» **What the exercise asks**: Return the data below in full, exactly as it stands.
===== Provided entries =====
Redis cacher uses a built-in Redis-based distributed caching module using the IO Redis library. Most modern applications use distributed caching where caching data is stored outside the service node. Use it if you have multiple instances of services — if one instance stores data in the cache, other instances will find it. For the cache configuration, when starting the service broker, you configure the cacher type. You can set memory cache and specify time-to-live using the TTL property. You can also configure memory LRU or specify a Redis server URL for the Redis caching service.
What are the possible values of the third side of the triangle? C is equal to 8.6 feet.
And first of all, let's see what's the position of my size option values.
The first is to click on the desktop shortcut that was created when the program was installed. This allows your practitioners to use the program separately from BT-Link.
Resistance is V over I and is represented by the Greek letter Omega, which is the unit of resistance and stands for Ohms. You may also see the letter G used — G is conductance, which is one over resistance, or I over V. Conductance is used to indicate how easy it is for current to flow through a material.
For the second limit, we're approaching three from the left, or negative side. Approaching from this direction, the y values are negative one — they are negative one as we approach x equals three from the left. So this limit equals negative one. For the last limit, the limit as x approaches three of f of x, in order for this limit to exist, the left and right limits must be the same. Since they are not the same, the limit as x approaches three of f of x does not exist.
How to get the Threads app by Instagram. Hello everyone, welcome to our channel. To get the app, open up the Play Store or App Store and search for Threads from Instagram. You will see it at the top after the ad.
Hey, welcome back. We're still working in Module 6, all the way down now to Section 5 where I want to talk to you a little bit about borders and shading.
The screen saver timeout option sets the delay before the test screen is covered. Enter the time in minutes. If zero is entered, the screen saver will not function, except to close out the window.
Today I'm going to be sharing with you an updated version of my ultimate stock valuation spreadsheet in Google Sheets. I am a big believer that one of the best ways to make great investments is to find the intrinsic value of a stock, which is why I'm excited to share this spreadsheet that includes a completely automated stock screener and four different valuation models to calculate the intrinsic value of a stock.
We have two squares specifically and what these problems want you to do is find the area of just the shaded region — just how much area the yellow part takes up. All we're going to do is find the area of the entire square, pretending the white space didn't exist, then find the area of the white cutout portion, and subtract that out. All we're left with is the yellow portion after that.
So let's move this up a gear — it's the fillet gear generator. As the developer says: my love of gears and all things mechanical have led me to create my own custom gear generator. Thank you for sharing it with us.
=====
» **Answer box**:
Redis cacher uses a built-in Redis-based distributed caching module using the IO Redis library. Most modern applications use distributed caching where caching data is stored outside the service node. Use it if you have multiple instances of services — if one instance stores data in the cache, other instances will find it. For the cache configuration, when starting the service broker, you configure the cacher type. You can set memory cache and specify time-to-live using the TTL property. You can also configure memory LRU or specify a Redis server URL for the Redis caching service.
What are the possible values of the third side of the triangle? C is equal to 8.6 feet.
And first of all, let's see what's the position of my size option values.
The first is to click on the desktop shortcut that was created when the program was installed. This allows your practitioners to use the program separately from BT-Link.
Resistance is V over I and is represented by the Greek letter Omega, which is the unit of resistance and stands for Ohms. You may also see the letter G used — G is conductance, which is one over resistance, or I over V. Conductance is used to indicate how easy it is for current to flow through a material.
For the second limit, we're approaching three from the left, or negative side. Approaching from this direction, the y values are negative one — they are negative one as we approach x equals three from the left. So this limit equals negative one. For the last limit, the limit as x approaches three of f of x, in order for this limit to exist, the left and right limits must be the same. Since they are not the same, the limit as x approaches three of f of x does not exist.
How to get the Threads app by Instagram. Hello everyone, welcome to our channel. To get the app, open up the Play Store or App Store and search for Threads from Instagram. You will see it at the top after the ad.
Hey, welcome back. We're still working in Module 6, all the way down now to Section 5 where I want to talk to you a little bit about borders and shading.
The screen saver timeout option sets the delay before the test screen is covered. Enter the time in minutes. If zero is entered, the screen saver will not function, except to close out the window.
Today I'm going to be sharing with you an updated version of my ultimate stock valuation spreadsheet in Google Sheets. I am a big believer that one of the best ways to make great investments is to find the intrinsic value of a stock, which is why I'm excited to share this spreadsheet that includes a completely automated stock screener and four different valuation models to calculate the intrinsic value of a stock.
We have two squares specifically and what these problems want you to do is find the area of just the shaded region — just how much area the yellow part takes up. All we're going to do is find the area of the entire square, pretending the white space didn't exist, then find the area of the white cutout portion, and subtract that out. All we're left with is the yellow portion after that.
So let's move this up a gear — it's the fillet gear generator. As the developer says: my love of gears and all things mechanical have led me to create my own custom gear generator. Thank you for sharing it with us.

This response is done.